Volle Maan
Fred Verdult

"Het kan betoverend werken dat er iemand is genezen van hiv"

nov 2011

Herman van Veen heeft meer dan vierhonderd keer opgetreden in Carré: 'Veel mensen kennen mij alleen van mijn bekende liedjes als "Opzij", "Anne" en "Hilversum drie". Al die liedjes horen bij vertellingen in theatervoorstellingen. Hoe vaak ik niet hoor: "Goh, ik had eigenlijk geen idee van wat u doet. Wat bijzonder!" Het kan betoverend werken dat er iemand op de wereld is genezen van hiv.'


Herman van Veen is een indrukwekkende persoonlijkheid die het publiek enorm aanspreekt. Ook al zit je op de achterste rij van Carré: je hebt het idee dat Herman je recht aankijkt. Z'n stem heeft een volume van heb ik jou daar. Zelfs in Carré met 1.756 stoelen zingt hij enkele nummers zonder microfoon. Mensen komen vaak bijna zwevend de zaal uit: wat was het prachtig! We hebben genoten en gelachen! De één vindt de slapstickachtige stukjes heel grappig. De ander wordt ontroerd door gevoelige liedjes, bijvoorbeeld het liedje over een meisje dat onzeker wordt om voor de klas te staan, omdat ze dan jongens ziet gluren 'of het al wat wordt'. Soms word je in je hart geraakt door een serieus verhaal. In de laatste zin maakt Herman dan een kwinkslag, zodat je hard moet lachen. Fred Verdult ging in gesprek met deze theaterpersoonlijkheid.


Rechten van het kind


Ik vind het belangrijk om me in te zetten voor wat ze de zwakkeren in de wereld noemen. De Herman van Veen Foundation steunt soms door publiciteit, soms door geld en soms door mensen met elkaar in contact te brengen. Er zijn mooie dingen uit voortgekeomn. Zo hebben wij de oprichting gestimuleerd van een kliniek in Elandsdoorn in Zuid-Afrika die vrouwen met hiv begeleidt, zodat zij gezonde baby's zonder hiv krijgen.

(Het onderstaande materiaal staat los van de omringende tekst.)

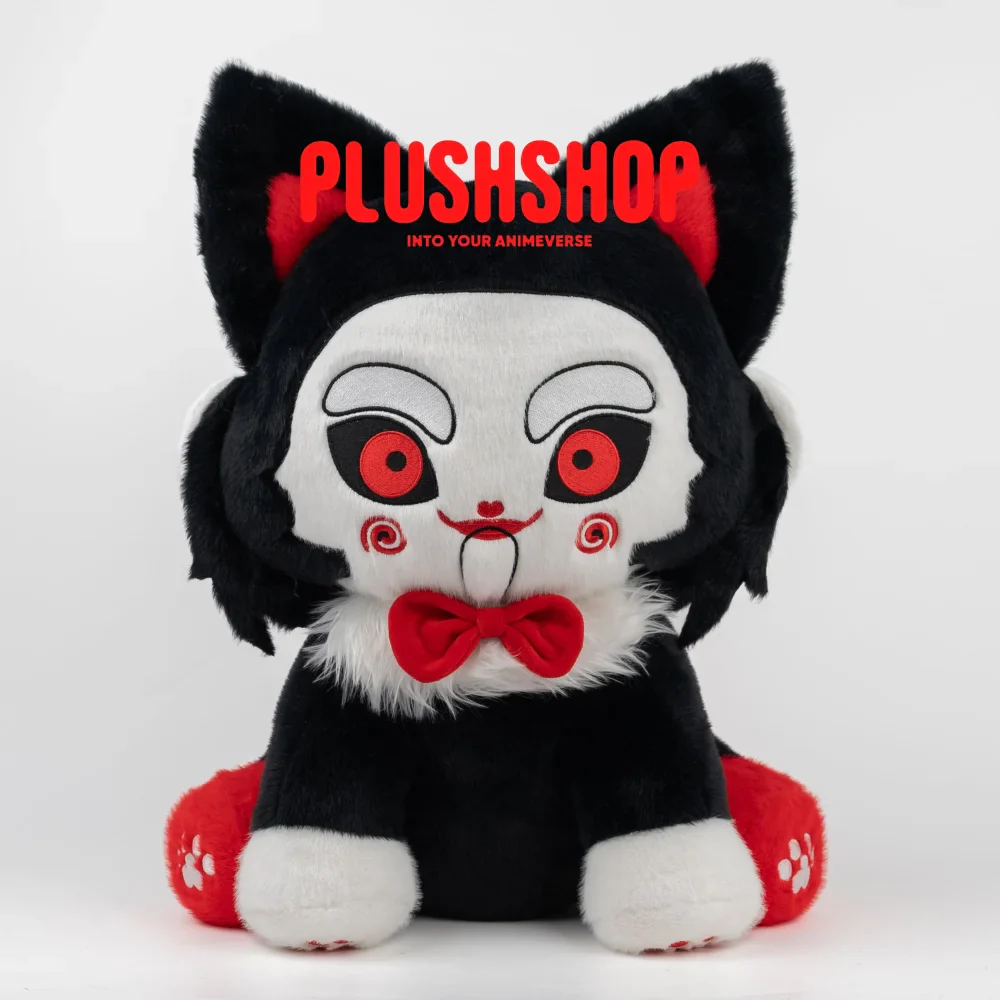 [Halloween Limited] Billy the Puppet meow Saw (17IN)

Hoop kan betoverend werken


Dat er iemand op de wereld is genezen van hiv, kan veel mensen hoop geven. Er is licht aan de horizon; dat kan heel veel met je doen. Dat moet je niet onderschatten. Het kan betoverend werken. Dat is heel mooi.


De eerste nacht overleden


Jaren geleden kreeg ik een briefje van een meisje, Patricia: Mijnheer Van Veen, wilt u niet eens bij mij op bezoek komen? Ik heb leukemie en ik ben heel erg ziek. Ik vind u zo lief en ik vind dat u zo mooi kunt zingen. Om een lang verhaal kort te maken: dat briefje heeft uiteindelijk geleid tot de oprichting van het Colombinehuis; een vakantieverblijf in Flevoland voor gezinnen met kinderen die nauwelijks op vakantie kunnen, bijvoorbeeld omdat ze chronisch ziek zijn, in een rolstoel zitten of onder zware emotionele druk leven. Toen het huis klaar was, waren Patricia en haar gezin de eerste gasten. Die eerste nacht in het huis is Patricia overleden. Dat was heel erg verdrietig, maar haar overlijden had ook een grote schoonheid. Ze was veel ouder geworden dan men voor mogelijk had gehouden.

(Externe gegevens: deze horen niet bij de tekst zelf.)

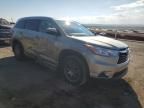 2014 Toyota Highlander XLE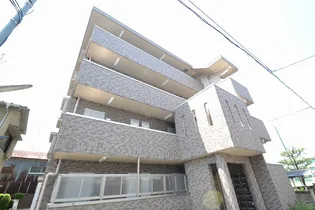 FサンビレッジIII【3階】の外観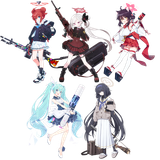 chars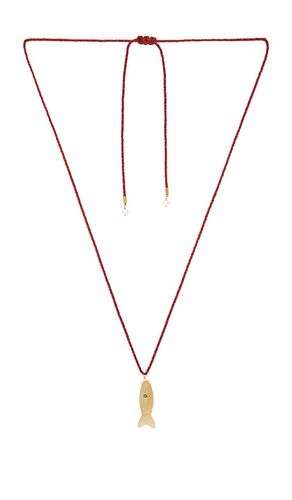 Quin Stone Necklace in - Lovers and Friends - Modalova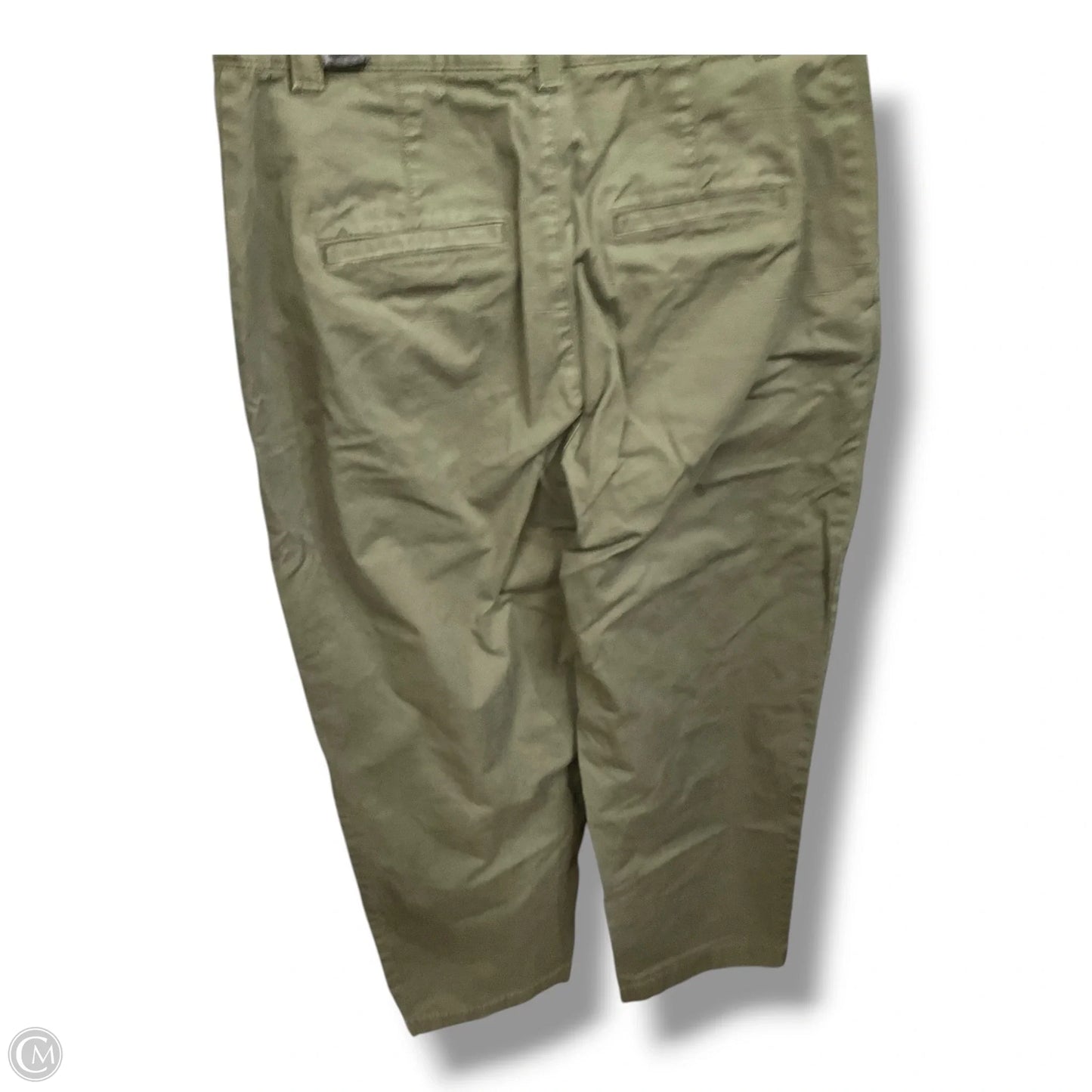 Pants Other By Gap In Green, Size: 10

Vroeger een tobbergezondheid


Ik ben geboren in het jaar dat de Tweede Wereldoorlog is afgelopen. Door ondervoeding ben ik als kind ernstig ziek geweest. Daardoor heb ik de tweede klas van de lagere school overgeslagen. Ik had een tobbergezondheid. Ze noemden ons bleekneusjes.


Theater is topsport


Nu gaat het goed met mijn gezondheid. Dat koester ik. Mijn vak is toch een vorm van topsport. Ik ben geweldig matig in alles; ik zal niet snel verschrikkelijk dronken worden. Ik at jarenlang vaak alleen een snelle hap in de kleedkamer voor een voorstelling. Nu ik ouder word, leef ik zorgvuldiger.


Ga je bij huisarts weg als zijn planten dood zijn


Een typerende uitspraak van mijn moeder: "Herman ga bij je huisarts weg als z'n planten dood zijn'. Mijn ouders zijn jaren geleden overleden, maar ik denk elke dag aan ze. Of het nou is van: zeg ma, hoeveel zout deed je daar nou op? of: zeg pa, wat zou jij nou gedaan hebben? Mijn moeder had haar hele leven een wankele gezondheid. Ik kan me haar bijna alleen in een ochtendjas herinneren. Toch bekommerden mijn ouders zich veel om het welzijn van anderen. Daar komt mijn betrokkenheid bij zwakkeren vandaan. Mijn moeder was de EHBO van de straat. Iedereen wist haar te vinden als er iets aan de hand was, of het nou ruzie was, door prostitutie kwam of dat iemand voor het eerst ongesteld werd. Mensen durfden haar alles te vragen.


Doe je mond open!


Mijn vader wist van aanpakken. Hij toonde zijn betrokkenheid bij de samenleving door zich in te zetten voor maatschappelijke en politieke zaken. Hij was een hele enthousiaste, pure man die goed kon spreken in het openbaar. Hij was echt betrokken en bewogen; hij ging demonstreren en protesteren. Als hij boos was schreef-ie soms een brief. Hij zei altijd: 'Doe je mond open!' Hij bedoelde: je hebt het recht om je te laten horen.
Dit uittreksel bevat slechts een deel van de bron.